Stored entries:
※ ※ ※

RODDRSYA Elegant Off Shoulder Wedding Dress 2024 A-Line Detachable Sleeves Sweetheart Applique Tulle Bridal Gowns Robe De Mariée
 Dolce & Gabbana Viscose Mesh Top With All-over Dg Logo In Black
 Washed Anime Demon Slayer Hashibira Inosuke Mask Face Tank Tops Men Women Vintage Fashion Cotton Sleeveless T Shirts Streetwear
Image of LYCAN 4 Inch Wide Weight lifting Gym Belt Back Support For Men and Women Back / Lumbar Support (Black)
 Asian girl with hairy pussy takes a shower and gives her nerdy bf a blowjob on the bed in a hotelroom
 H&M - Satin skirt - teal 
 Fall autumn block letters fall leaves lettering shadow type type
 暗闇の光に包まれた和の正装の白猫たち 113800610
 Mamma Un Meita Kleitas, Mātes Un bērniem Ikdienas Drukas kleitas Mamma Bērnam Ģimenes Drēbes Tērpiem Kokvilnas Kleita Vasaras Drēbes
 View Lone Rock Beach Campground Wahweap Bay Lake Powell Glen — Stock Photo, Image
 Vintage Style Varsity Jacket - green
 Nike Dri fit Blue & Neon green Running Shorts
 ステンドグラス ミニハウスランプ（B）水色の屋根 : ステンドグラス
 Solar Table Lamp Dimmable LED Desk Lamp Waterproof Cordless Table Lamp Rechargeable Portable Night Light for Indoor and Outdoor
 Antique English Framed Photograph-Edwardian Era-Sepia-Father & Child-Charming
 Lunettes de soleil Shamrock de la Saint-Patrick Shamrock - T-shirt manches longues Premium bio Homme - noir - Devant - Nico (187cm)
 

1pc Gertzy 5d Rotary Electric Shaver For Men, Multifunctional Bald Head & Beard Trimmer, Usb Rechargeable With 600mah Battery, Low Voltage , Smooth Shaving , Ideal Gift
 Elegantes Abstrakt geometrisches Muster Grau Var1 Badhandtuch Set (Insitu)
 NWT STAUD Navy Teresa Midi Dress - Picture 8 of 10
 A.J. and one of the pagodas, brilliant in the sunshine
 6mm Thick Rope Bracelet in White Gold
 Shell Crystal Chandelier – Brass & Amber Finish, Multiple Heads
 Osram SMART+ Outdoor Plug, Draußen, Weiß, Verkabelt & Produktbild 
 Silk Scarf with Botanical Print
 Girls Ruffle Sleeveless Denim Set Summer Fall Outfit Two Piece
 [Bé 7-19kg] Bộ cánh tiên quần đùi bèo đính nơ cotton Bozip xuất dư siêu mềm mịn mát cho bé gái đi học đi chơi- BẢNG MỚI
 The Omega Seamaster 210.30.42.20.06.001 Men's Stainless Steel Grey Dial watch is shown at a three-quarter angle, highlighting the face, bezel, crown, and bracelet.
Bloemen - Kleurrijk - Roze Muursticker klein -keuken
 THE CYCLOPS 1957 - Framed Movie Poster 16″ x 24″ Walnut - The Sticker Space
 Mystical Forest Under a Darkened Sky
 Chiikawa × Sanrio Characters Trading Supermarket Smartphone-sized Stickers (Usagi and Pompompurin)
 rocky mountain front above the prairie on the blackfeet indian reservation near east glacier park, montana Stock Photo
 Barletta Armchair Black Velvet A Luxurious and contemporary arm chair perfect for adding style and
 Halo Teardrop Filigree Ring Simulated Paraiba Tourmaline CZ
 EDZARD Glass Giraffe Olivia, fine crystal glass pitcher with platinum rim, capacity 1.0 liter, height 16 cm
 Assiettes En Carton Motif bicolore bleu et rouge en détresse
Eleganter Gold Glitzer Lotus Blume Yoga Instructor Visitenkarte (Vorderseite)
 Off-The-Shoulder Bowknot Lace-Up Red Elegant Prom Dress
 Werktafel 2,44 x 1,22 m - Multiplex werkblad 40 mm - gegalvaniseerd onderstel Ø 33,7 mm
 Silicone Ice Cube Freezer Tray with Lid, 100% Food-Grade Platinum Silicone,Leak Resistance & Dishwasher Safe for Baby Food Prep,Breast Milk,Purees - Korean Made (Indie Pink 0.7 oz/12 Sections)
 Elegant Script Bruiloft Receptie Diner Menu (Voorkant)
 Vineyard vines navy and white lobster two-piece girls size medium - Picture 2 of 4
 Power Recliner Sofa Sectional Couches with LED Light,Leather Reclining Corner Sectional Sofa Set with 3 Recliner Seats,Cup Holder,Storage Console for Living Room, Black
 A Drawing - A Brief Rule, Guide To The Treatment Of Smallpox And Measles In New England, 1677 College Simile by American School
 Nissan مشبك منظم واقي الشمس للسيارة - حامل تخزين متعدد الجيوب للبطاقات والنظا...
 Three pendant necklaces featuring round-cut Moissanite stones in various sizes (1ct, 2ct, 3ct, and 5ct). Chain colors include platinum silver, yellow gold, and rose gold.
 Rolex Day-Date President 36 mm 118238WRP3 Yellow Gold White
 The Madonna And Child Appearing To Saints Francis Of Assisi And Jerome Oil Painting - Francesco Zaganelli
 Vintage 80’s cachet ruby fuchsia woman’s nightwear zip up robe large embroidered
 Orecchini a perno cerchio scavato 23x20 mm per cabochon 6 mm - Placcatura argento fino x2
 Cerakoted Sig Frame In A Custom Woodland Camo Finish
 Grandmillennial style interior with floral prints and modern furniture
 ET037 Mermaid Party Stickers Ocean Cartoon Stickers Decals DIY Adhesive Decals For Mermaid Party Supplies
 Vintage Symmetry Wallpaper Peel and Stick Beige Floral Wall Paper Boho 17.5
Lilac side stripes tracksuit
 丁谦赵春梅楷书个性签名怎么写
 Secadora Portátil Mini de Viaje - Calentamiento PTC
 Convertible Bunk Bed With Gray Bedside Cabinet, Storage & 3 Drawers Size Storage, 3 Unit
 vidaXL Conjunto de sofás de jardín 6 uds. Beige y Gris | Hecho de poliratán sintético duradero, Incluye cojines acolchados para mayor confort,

※ ※ ※

*Problem description*: Search the records for the string "Dress" and return every line in which it occurs.

*Reply*:
RODDRSYA Elegant Off Shoulder Wedding Dress 2024 A-Line Detachable Sleeves Sweetheart Applique Tulle Bridal Gowns Robe De Mariée
 NWT STAUD Navy Teresa Midi Dress - Picture 8 of 10
 Off-The-Shoulder Bowknot Lace-Up Red Elegant Prom Dress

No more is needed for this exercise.